Top of DATA SHOWN

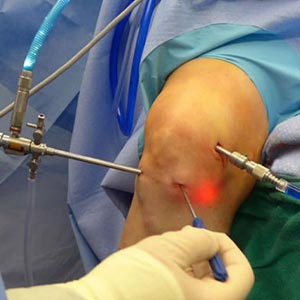 Knee Arthroscopy in Vijayawada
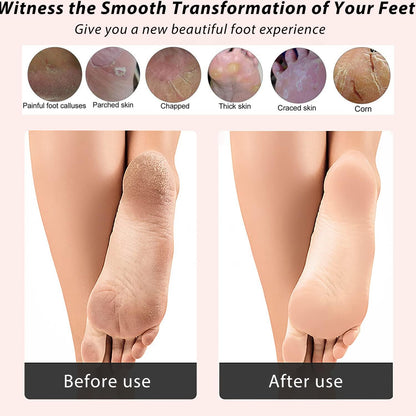 ICANdOIT 4 in 1 Bamboo Foot File Callus Remover Pedicure Scrubber Brush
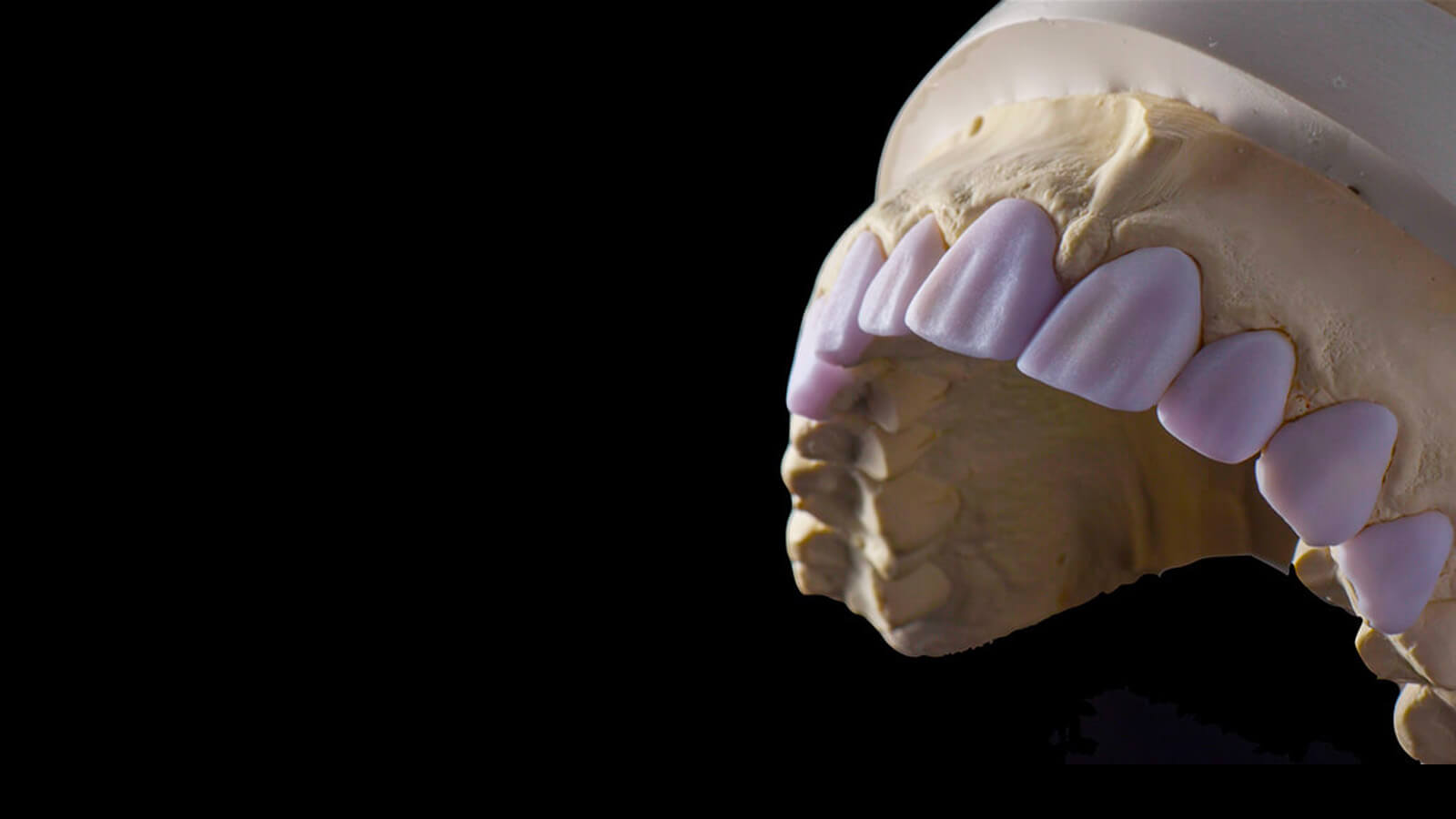 Zirconia Anteriors CE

Bottom of DATA SHOWN

◆ WORK ITEM
Repeat verbatim the lines from the one with "ICANdOIT 4 in" through the end of the listing above. Include both ends, add nothing, and exclude the pictures.

◆ ANSWER BELOW
 ICANdOIT 4 in 1 Bamboo Foot File Callus Remover Pedicure Scrubber Brush
 Zirconia Anteriors CE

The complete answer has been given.